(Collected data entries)
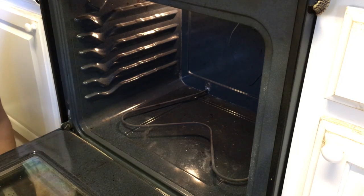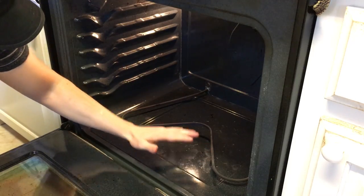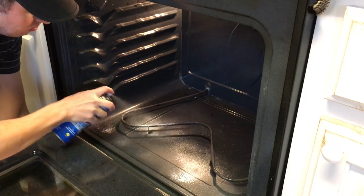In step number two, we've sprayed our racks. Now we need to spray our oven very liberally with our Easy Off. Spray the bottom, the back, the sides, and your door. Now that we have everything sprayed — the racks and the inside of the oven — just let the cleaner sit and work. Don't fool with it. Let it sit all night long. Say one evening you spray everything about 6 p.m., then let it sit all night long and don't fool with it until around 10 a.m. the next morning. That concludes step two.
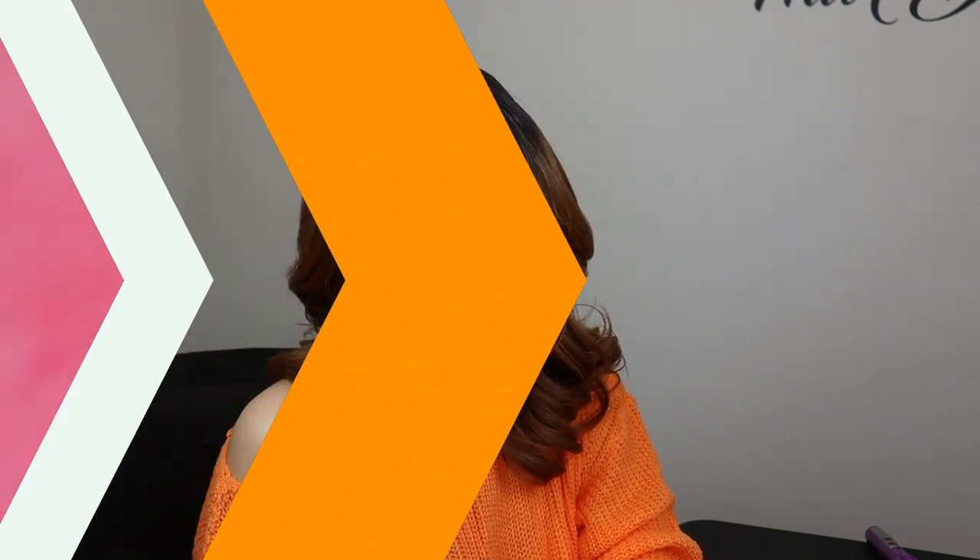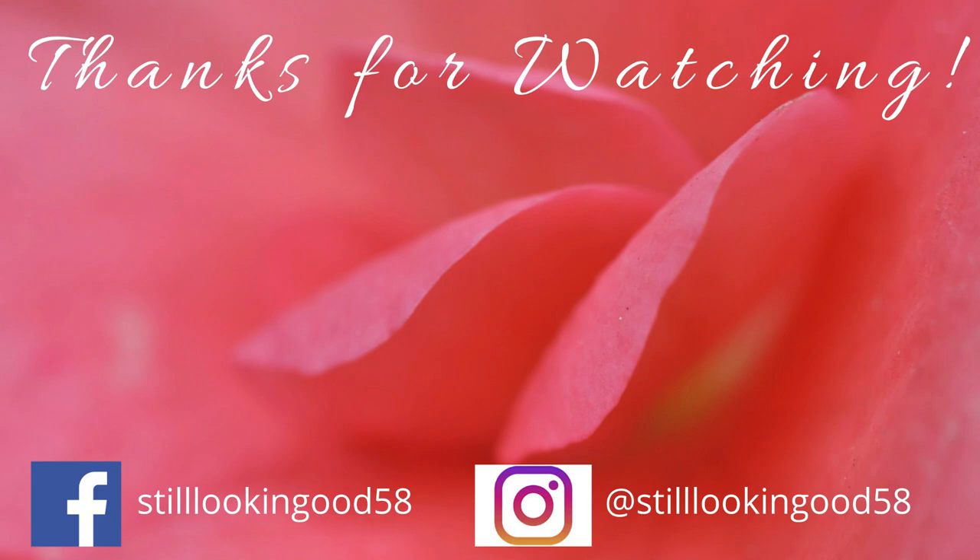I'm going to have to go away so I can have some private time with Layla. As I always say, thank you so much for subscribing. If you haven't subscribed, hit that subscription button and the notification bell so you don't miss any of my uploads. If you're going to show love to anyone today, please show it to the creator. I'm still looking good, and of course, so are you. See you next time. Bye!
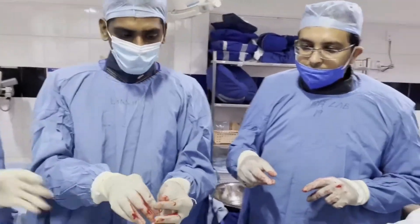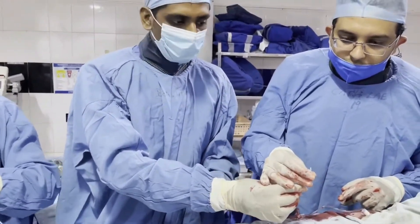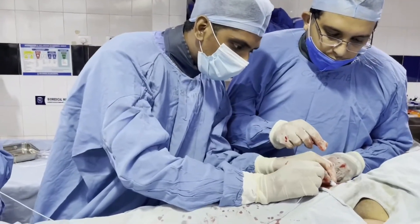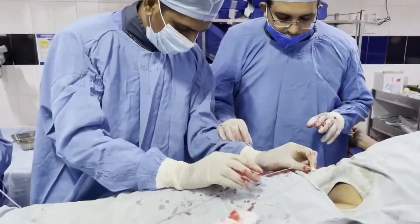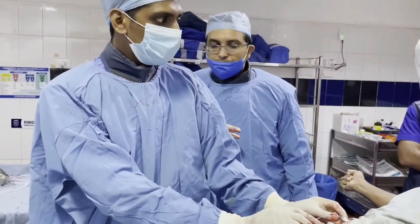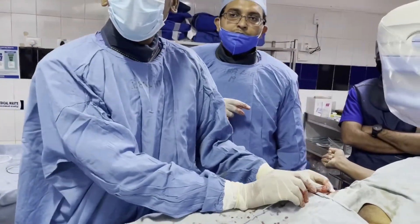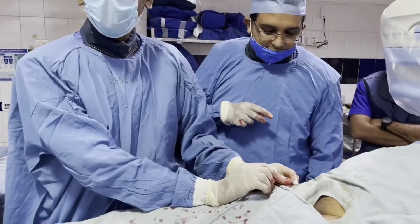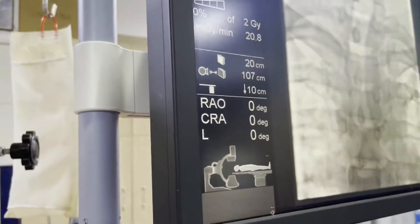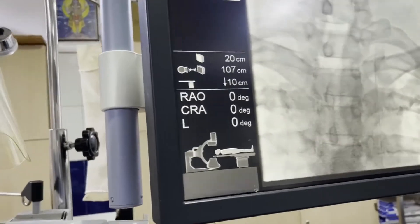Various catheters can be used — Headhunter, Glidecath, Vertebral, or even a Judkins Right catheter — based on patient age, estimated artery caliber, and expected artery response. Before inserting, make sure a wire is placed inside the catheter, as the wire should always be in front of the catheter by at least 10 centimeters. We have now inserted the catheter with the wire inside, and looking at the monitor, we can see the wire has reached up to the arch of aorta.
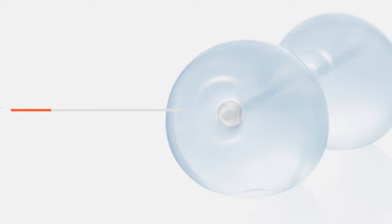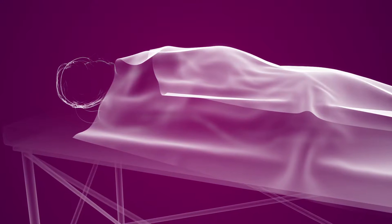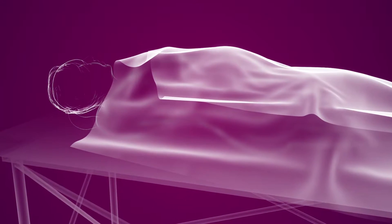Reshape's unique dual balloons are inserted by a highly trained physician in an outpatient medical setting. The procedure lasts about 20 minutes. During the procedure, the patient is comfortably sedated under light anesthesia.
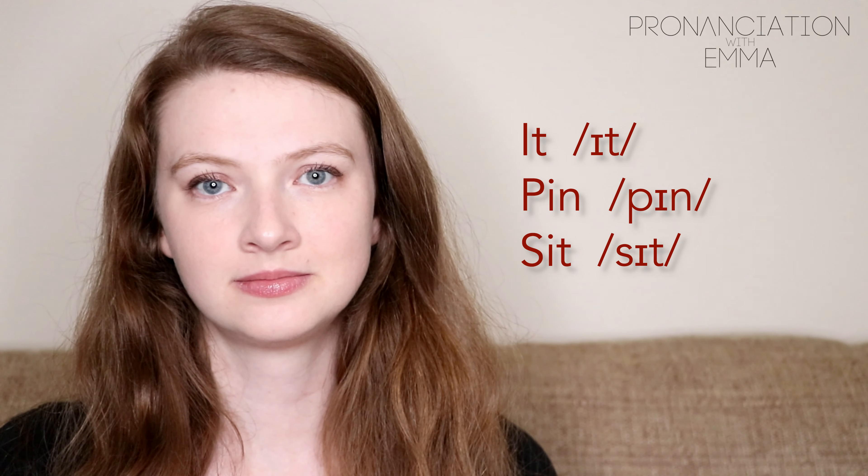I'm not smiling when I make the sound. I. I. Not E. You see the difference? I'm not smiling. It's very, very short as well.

▶ **EXERCISE OBJECTIVE**: Exactly restate the lines from the one holding "Various catheters can" to the final line of the records above, including both and excluding pictures.

▶ **SOLUTION TO THIS EXERCISE**:
Various catheters can be used — Headhunter, Glidecath, Vertebral, or even a Judkins Right catheter — based on patient age, estimated artery caliber, and expected artery response. Before inserting, make sure a wire is placed inside the catheter, as the wire should always be in front of the catheter by at least 10 centimeters. We have now inserted the catheter with the wire inside, and looking at the monitor, we can see the wire has reached up to the arch of aorta.
Reshape's unique dual balloons are inserted by a highly trained physician in an outpatient medical setting. The procedure lasts about 20 minutes. During the procedure, the patient is comfortably sedated under light anesthesia.
I'm not smiling when I make the sound. I. I. Not E. You see the difference? I'm not smiling. It's very, very short as well.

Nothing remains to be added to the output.